Acto seguido, se dirigió con cuatro hombres de la
Tatenokai, ataviados con su uniforme propio, al cuartel general en Tokio del
Comando Oriental de las Fuerzas de Autodefensa de Japón. Pidieron visitar al
comandante en jefe. Éste les recibió en su despacho. Mishima y sus hombres
ataron al general a una silla, cercaron el despacho con barricadas y salieron
al balcón desplegando pancartas con sus reivindicaciones. Mishima subió a la
balaustrada y tomó la palabra ante la tropa, apiñada en el patio.
‘Seppuku’
¿Qué pedía el escritor? Muy sucintamente: que las
fuerzas de autodefensa se levantaran, dieran un golpe de Estado y devolvieran
al emperador a su legítimo lugar. La reacción de la tropa fue desoladora:
gritos, burlas. A Mishima, en todo caso, no le importaba la tropa. Terminó su
discurso y volvió al despacho. Allí cometerá seppuku.
El seppuku es una técnica compleja. El suicida debe
abrirse el vientre e, inmediatamente después, un ayudante ha de decapitarle con
un tajo de katana. El encargado de este último trance es el lugarteniente de
Mishima, Masakatsu Morita. Pero Morita falla por dos veces. Otro
miembro de la Tatenokai, Hiroyasu Koga, será quien dé el golpe de gracia.
Morita se suicidará también. Todos ellos pensarían en las palabras que Mishima
había escrito en su Introducción a la filosofía de la acción: “La acción tiene
el misterioso poder de compendiar una larga vida en la explosión de un fuego de
artificio.
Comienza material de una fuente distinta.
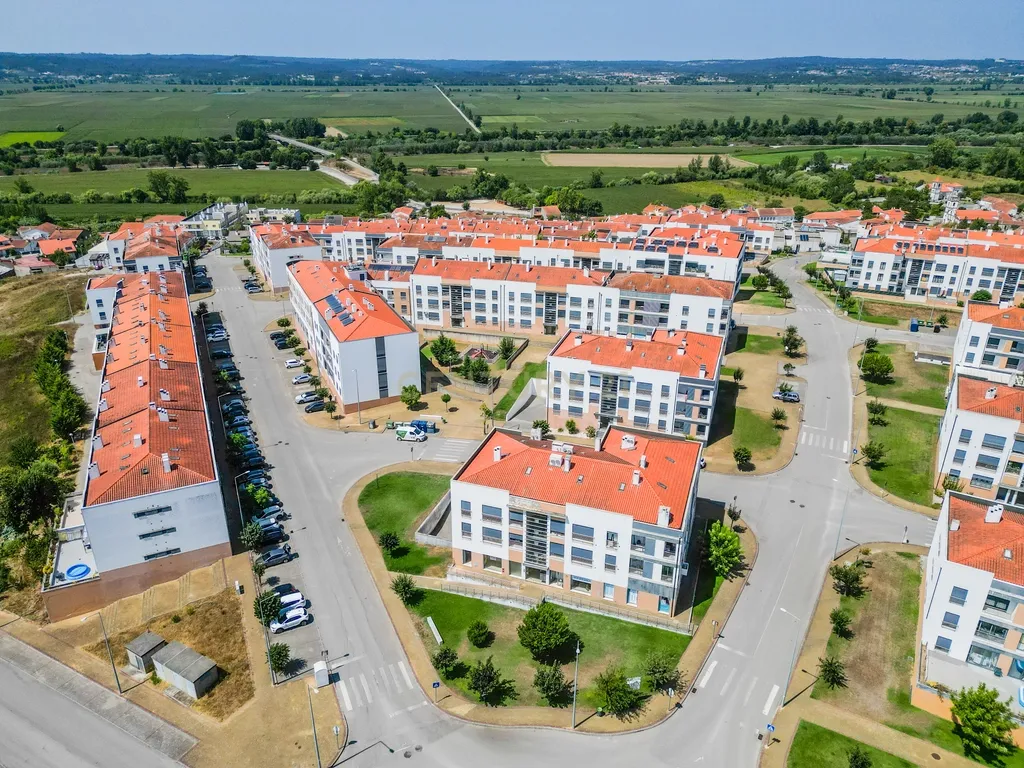 Loja passível de ser transformado em Apartamento T2 ou T3 com terraço privativo de Garagem - Image 7
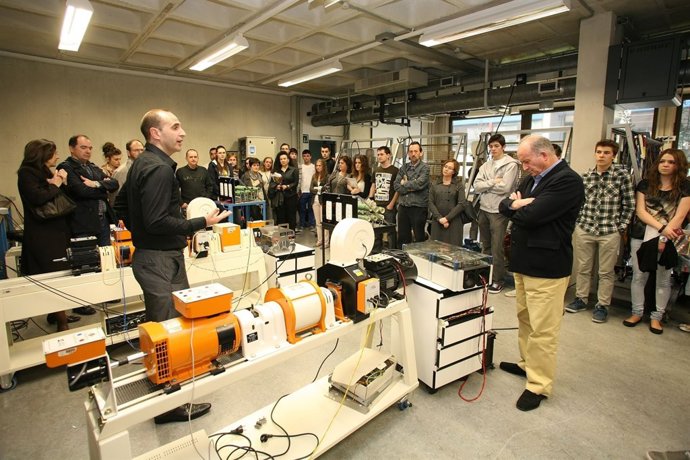 Escuela Técnica Superior De Ingenieros Industriales Y De Telecomunicación.
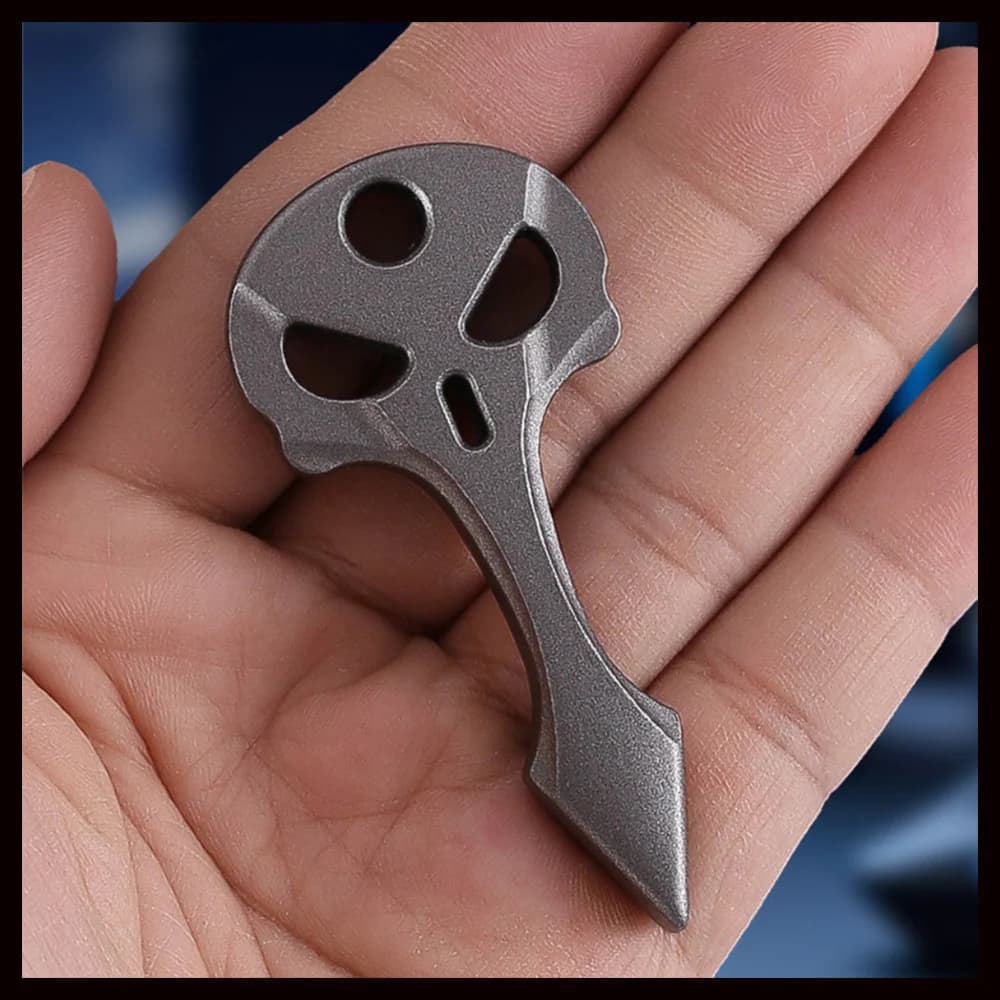 Piccola collana EDC multifunzionale in metallo a forma di teschio con paracord, ciondolo in lega, strumento di emergenza portatile per il campeggio all'aperto.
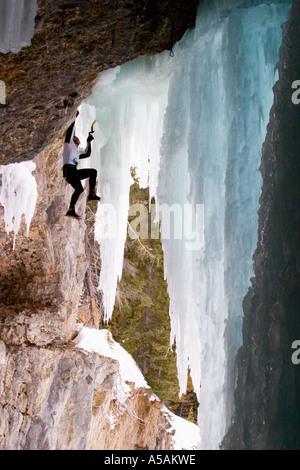 Kletterer am Panther fällt Banff Nationalpark, Kanada Stockfoto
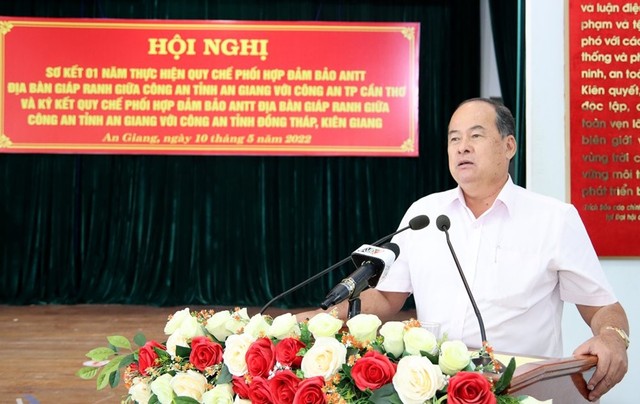 Ông Nguyễn Thanh Bình - Phó Bí thư tỉnh ủy, Chủ tịch UBND tỉnh An Giang phát biểu chỉ đạo Hội nghị.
Se tiende a honrar a quien ha dedicado toda su vida a una única empresa,
lo cual es justo, pero quien quema toda su vida en un fuego de artificio, que
dura un instante, testimonia con mayor precisión y pureza los valores
auténticos de la vida humana”.
¿Por qué traer aquí, hoy, a Mishima? Porque desde su mundo,
que era el de la tradición japonesa, tan distinta a la nuestra, reivindicó
valores permanentes y además los expresó con una calidad sobresaliente. Mishima
desborda veneración por la belleza, gratitud al héroe, amor a una tradición
perpetuamente renovada, denuncia de la decadencia moral y espiritual. Su final
trágico, en el contexto de la cultura japonesa, quiso ser consecuente con una
opción de vida y de pensamiento. Hay que ser japonés para hacer algo así, pero
no es preciso serlo para entender el gesto; tampoco hay que ser japonés para
reconocer en Mishima a uno de los autores más sugestivos del siglo XX.